RegularExpressionsarenoworsetoreadormaintainthananyotherunformattedcontent;indeedaregexisprobablyeasiertoreadthanthispieceoftexthere-butunfortunatelytheyhaveabadreputationbecausesomeimplementationsdon'tallowformattingandpeopleingeneraldon'tknowthatyoucandoit.
(Regular Expressions are no worse to read or maintain than any other unformatted content; indeed a regex is probably easier to read than this piece of text here - but unfortunately they have a bad reputation because some implementations don't allow formatting and people in general don't know that you can do it.)
Here's a trivial example:
^(?:[^,]*+,){21}[^,]*+$
Which isn't really that difficult to read or maintain anyway, but is even easier when it looks like this:
(?x) # enables comments, so this whole block can be used in a regex.
^ # start of string
(?: # start non-capturing group
[^,]*+ # as many non-commas as possible, but none required
, # a comma
) # end non-capturing group
{21} # 21 of previous entity (i.e. the group)

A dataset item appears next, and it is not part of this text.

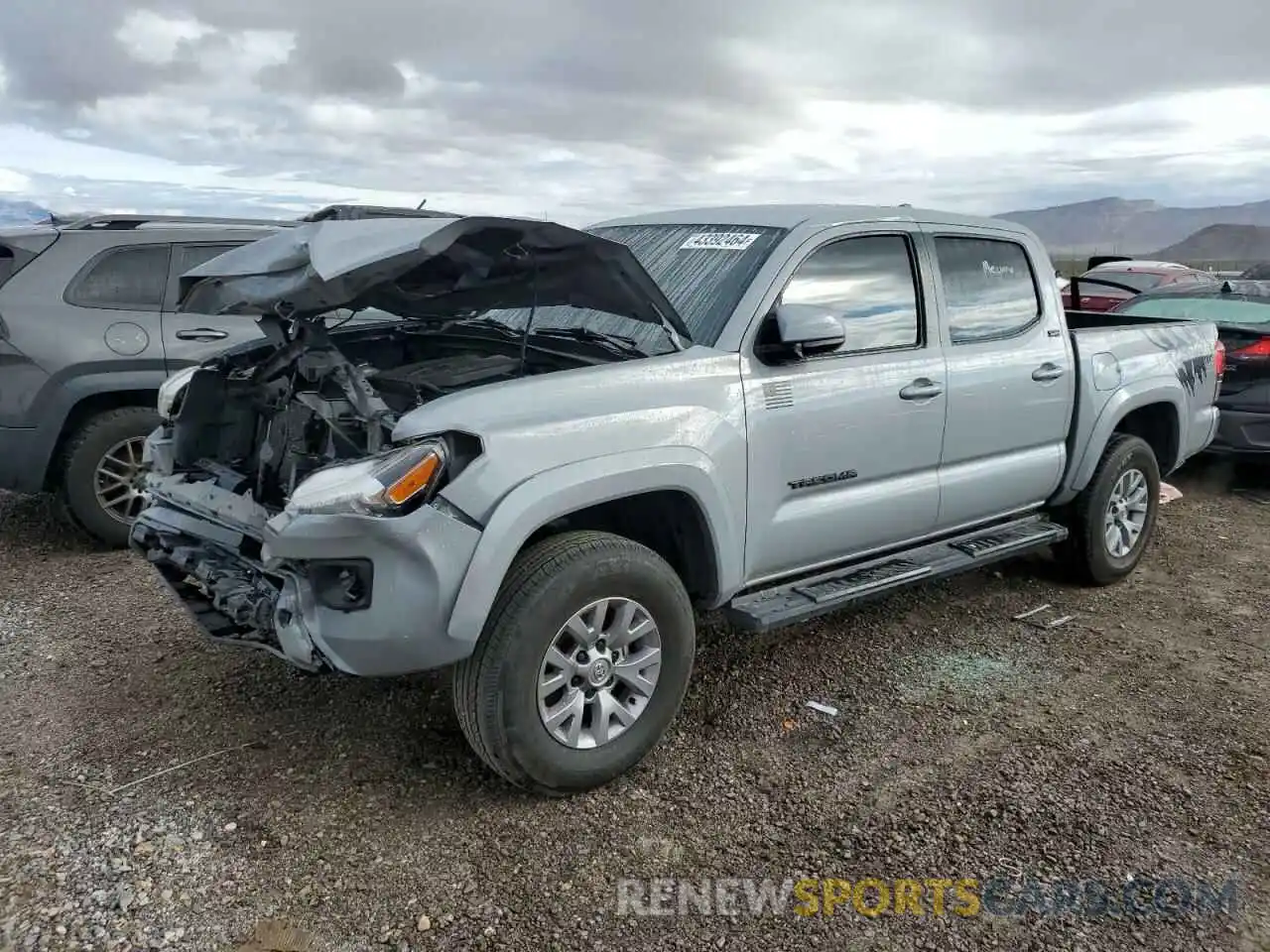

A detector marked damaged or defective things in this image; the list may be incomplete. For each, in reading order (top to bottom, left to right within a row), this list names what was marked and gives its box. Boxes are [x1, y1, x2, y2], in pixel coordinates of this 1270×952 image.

[^,]*+ # as many non-commas as possible, but none required
$ # end of string
That's a bit of an over-the-top example (commenting $ is akin to commenting i++) but clearly there should be no problem reading, understanding, and maintaining that.
So long as you're clear as to when regular expressions are suited and when they're a bad idea, there's nothing wrong with them, and most times the JWZ quote doesn't really apply.